Crédit photo : Elsa Lefort / Facebook

« Il y a 4 ans, tu « fêtais » déjà ton anniversaire dans une sinistre prison de l’occupant. Aujourd’hui, alors que tu es une nouvelle fois arbitrairement incarcéré, elles sont toujours d’actualité, pour toi, comme pour les 4 450 prisonnier·es politiques palestinien·nes », ainsi commence Elsa Lefort, épouse de Salah Hamouri, 37 ans aujourd’hui, avocat franco-palestinien, incarcéré depuis début mars en Israël.

 

Cette Française, mère de deux enfants, vit en région parisienne. Elle est séparée de son mari depuis que les autorités israéliennes l’ont expulsée d’Israël en 2016.

« Ils peuvent enfermer des hommes, des femmes et des enfants, ils n’enfermeront jamais vos rêves de liberté, de justice et d’indépendance. On n’arrête pas un esprit libre avec les barreaux d’une cellule », continue émue Elsa Lefort.

Depuis vingt ans, les autorités israéliennes tentent de détruire son mari. Salah Hamouri, français par sa mère, palestinien par son père, est né le 25 avril 1985 à Jérusalem, où il a passé toute sa vie. Il risque aujourd’hui d’être expulsé de sa terre natale. Salah Hamouri a été une première fois jeté en prison à l’âge de 19 ans, alors qu’il n’était qu’étudiant, pour son opposition à l’occupation israélienne en Palestine, puis de nouveau entre 2005 et 2011 (voir nos éditions).
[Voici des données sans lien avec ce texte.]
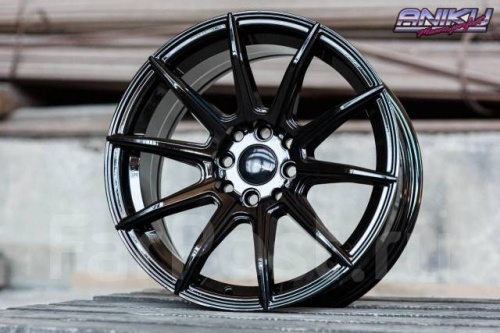 Диск литой REPLICA SHOGUN 7J16 PCD4*100/108 ET30 DIA73,1 Цвет (78106305)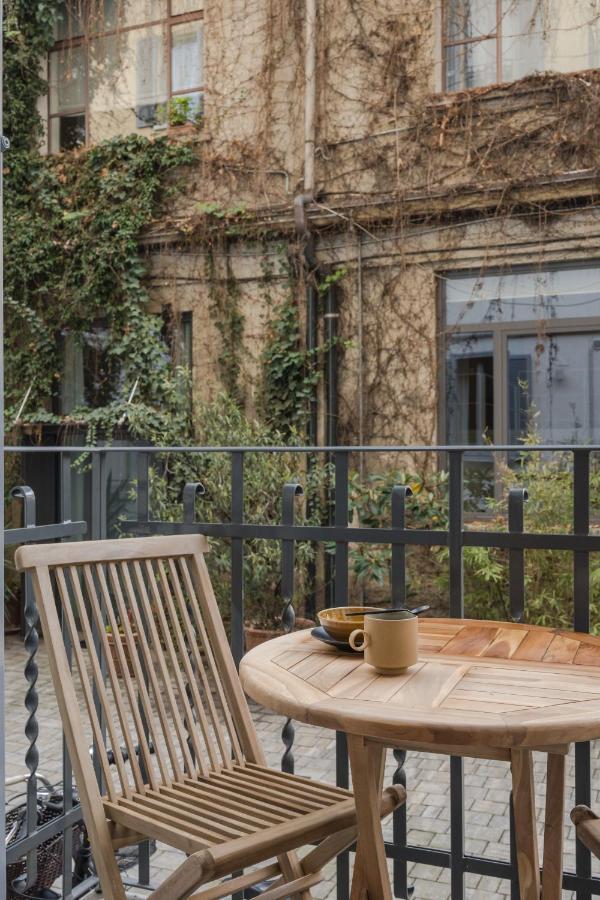 Casa Unica Milano - Elegant Apartment With Balcony - Centrale 1 Exterior foto
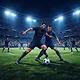ملخص مباراة التعاون ضد الهلال في الدوري السعودي واستعراض الأهداف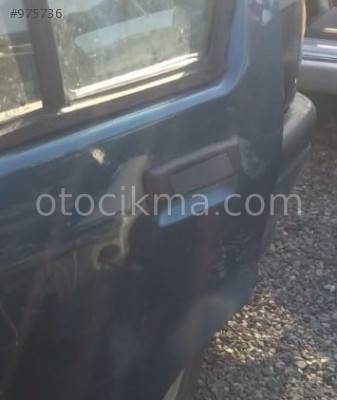 1996 renault 19 europa 1.6 hb çıkma sol arka kapı kolu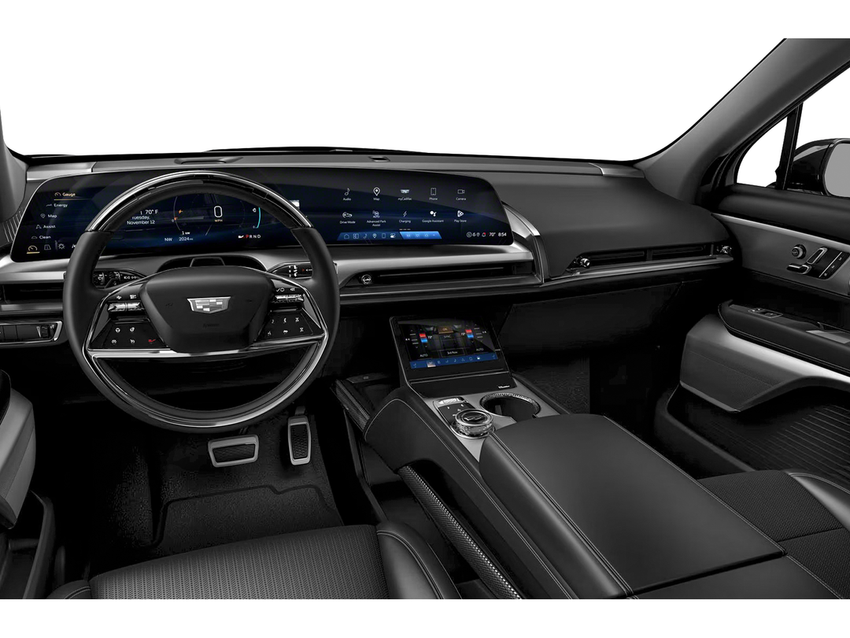 2026 Cadillac VISTIQ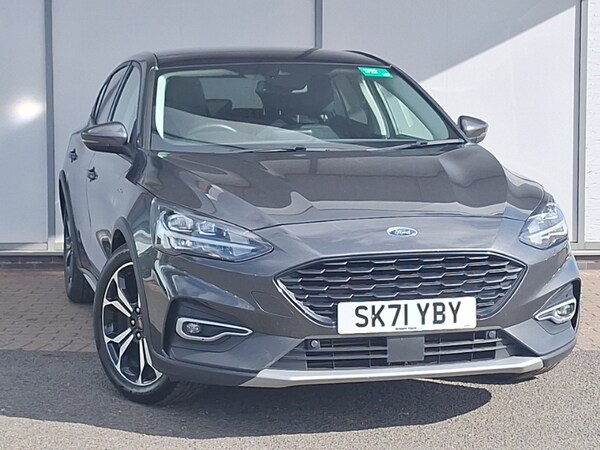 Used Ford Focus 2022 for sale - 76221408: Photo 1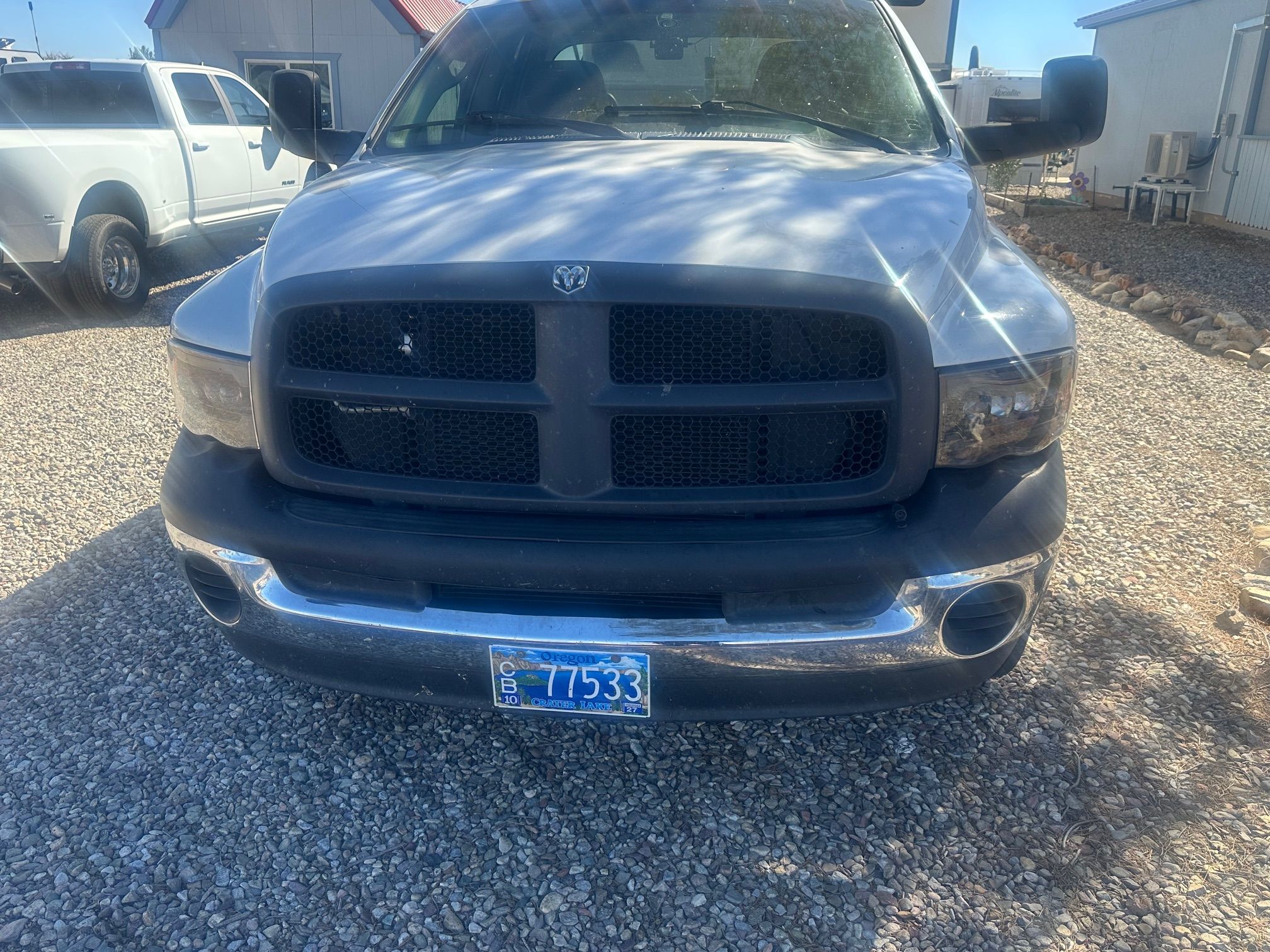 Used 2004 Dodge Ram 3500 Truck ST w/ Trailer Tow Group RWD image 2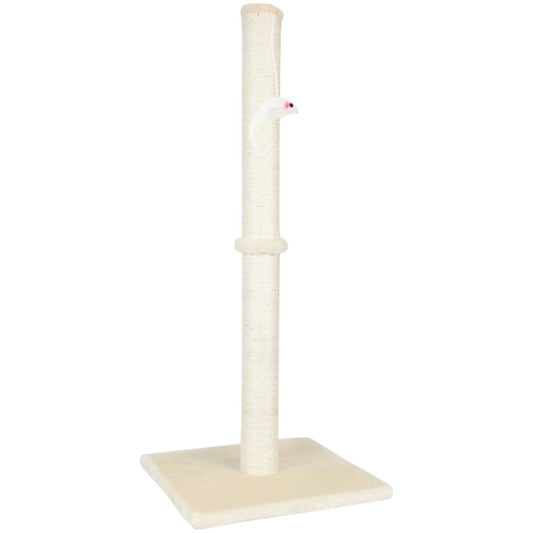 Cat Scratch Post - Beige
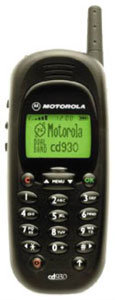 Motorola CD 930 Handyzubeh&ouml;r
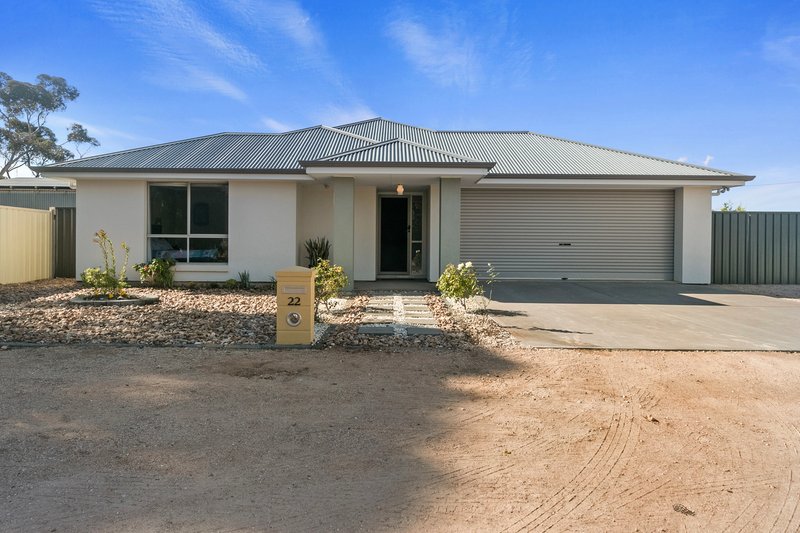 22 First Street, North Moonta SA 5558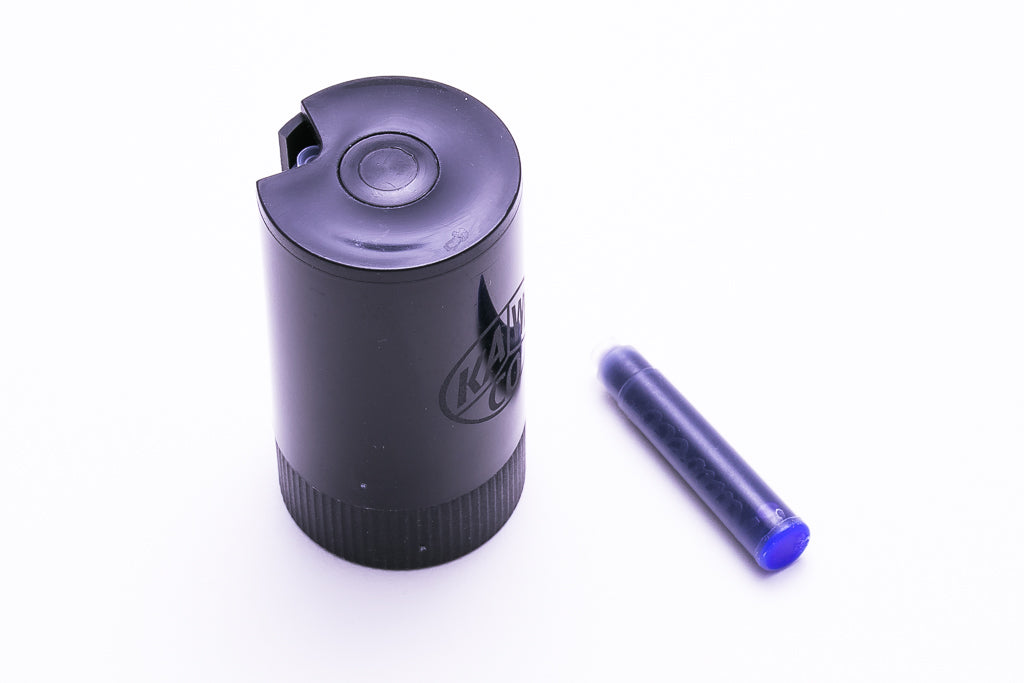 Kaweco Twist And Out 8-Cartridge Dispenser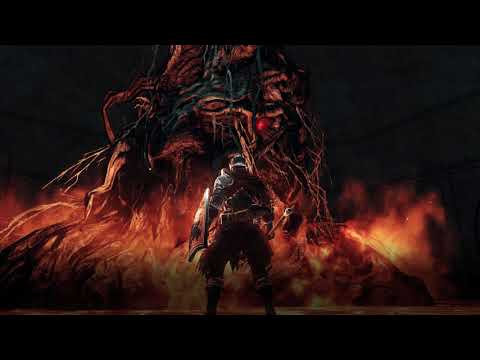 All Aldia Dialogue in Order (With OST) - Dark Souls II: Scholar of the First Sin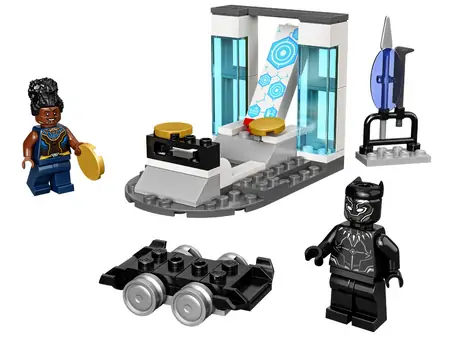 LEGO Super Heroes 76212  Shuri's Lab, 3 image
Après sa sortie de prison fin 2011, Salah Hamouri est placé plusieurs fois arbitrairement en détention administrative par les autorités israéliennes, puis relâché, sans jamais qu’aucun procès n’ait lieu.

 « Nous célèbrerons comme il se doit tes prochains anniversaires en liberté. Le présent est fait de lutte, l’avenir nous appartient », conclut optimiste Elsa Lefort.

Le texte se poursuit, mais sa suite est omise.